Poor diet has been estimated to be a bigger killer than smoking. Malnutrition (resulting from poor quality diets) may play a role in one in five premature deaths world-wide; an estimated 11 million people. The most dangerous diets contain:
- Excess salt; calculated to be involved in an estimated three million deaths.
- Insufficient whole grains; calculated to be involved an estimated three million deaths.
- Insufficient fruit; calculated to be involved an estimated two million deaths.
- Insufficient consumption of nuts, seeds, vegetables, omega-3 (seafood) and fibre are other common features of bad diets contributing to premature mortality.
Gallagher, J. (2019). The diets cutting one-in-five lives short every year.
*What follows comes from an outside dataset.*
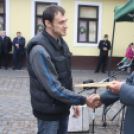 Városalapítók Napi Ünnepség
London: BBC Health News, April 4th 2019.
This relates to:
GBD 2017 Diet Collaborators. Health effects of dietary risks in 195 countries, 1990–2017: a systematic analysis for the Global Burden of Disease Study 2017. Lancet. April 3rd 2019. [Epub ahead of print].
“We did not evaluate the effect of other forms of malnutrition (ie, undernutrition and obesity)”. p.12.
Further analysis appears in an NHS Behind the Headlines critical appraisal of this research:
Poor diet now killing more than smoking. London: NHS Digital (previously NHS Choices); Behind the Headlines, April 4th 2019.